India is fighting the highest COVID caseload of any country so far. Hospital beds and especially oxygen are running critically short, and deaths are increasingly rapidly. The medical system has nearly collapsed:

India has been reporting more than 2,000 deaths a day for five straight days. The real toll is likely much higher. It is expected to grow in the coming weeks.

A general relaxation of caution earlier this year, along with several massive superspreader events, seeded the current crisis:

Life returned to normal. Weddings and parties resumed. Masks slipped, as did social-distancing rules. A new season of state-level elections ushered in big political rallies and street parades. A massive religious festival known as the Kumbh Mela was allowed to take place, bringing millions of Hindu pilgrims to the banks of the river Ganges and sending a message that there was no reason to worry about Covid-19.

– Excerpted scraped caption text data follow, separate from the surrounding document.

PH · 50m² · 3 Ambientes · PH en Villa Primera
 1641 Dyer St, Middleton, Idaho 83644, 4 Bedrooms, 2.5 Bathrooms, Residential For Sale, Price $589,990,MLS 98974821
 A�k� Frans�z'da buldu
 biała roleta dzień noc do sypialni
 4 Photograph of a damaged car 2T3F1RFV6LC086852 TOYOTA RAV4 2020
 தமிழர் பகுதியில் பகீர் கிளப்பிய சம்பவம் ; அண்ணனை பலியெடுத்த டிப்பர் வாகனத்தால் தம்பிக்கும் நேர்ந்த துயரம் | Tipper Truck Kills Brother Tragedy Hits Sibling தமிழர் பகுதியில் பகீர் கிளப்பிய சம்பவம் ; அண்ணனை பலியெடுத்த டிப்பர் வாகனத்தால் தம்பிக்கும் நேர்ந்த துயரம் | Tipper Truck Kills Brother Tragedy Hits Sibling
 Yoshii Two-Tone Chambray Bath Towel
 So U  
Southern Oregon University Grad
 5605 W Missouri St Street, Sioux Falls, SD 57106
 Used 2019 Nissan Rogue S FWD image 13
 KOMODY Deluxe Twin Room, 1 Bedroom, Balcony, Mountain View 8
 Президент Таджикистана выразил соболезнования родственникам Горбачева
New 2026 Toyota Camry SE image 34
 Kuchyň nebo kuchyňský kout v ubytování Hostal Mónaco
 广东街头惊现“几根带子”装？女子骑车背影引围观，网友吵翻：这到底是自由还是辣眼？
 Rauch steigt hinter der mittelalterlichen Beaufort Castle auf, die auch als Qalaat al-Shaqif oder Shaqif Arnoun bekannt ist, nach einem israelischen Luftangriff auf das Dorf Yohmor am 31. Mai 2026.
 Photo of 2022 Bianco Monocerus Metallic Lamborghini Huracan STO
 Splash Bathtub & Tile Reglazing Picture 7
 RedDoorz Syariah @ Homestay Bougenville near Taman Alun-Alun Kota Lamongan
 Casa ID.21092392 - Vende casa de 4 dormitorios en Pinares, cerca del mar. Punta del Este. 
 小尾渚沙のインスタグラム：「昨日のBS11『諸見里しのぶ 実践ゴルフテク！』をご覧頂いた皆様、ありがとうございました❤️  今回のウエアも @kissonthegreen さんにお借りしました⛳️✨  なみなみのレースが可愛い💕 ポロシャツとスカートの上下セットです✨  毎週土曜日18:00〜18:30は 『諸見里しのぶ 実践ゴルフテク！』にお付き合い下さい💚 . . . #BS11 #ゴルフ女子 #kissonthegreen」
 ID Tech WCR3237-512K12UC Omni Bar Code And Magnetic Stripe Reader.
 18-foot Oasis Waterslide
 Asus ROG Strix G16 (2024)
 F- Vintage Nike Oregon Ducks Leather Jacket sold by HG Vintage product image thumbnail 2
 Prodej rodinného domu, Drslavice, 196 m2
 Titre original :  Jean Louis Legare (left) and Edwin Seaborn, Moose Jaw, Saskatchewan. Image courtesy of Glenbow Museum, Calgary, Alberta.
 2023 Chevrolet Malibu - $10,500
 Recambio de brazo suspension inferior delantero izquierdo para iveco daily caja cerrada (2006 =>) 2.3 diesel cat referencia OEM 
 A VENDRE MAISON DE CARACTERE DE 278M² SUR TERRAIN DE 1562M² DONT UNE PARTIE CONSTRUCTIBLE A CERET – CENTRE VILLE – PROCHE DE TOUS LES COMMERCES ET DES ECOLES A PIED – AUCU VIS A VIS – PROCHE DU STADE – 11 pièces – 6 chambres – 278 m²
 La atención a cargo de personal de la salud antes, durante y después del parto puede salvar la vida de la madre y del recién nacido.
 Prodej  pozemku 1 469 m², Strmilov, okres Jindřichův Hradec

By mid-March, cases started climbing again—then accelerated with breathtaking speed, becoming a vertical line rather than an upward sloping curve.

Much more here.

Many had put their faith in an herbal remedy called Coronil, which was even touted by Indian Health Minister Harsh Vardhan. However, there is little evidence behind the treatment.

Reports from people inside India right now are dire:

You can find the full thread on India’s crisis here, and another excellent thread on how it began here.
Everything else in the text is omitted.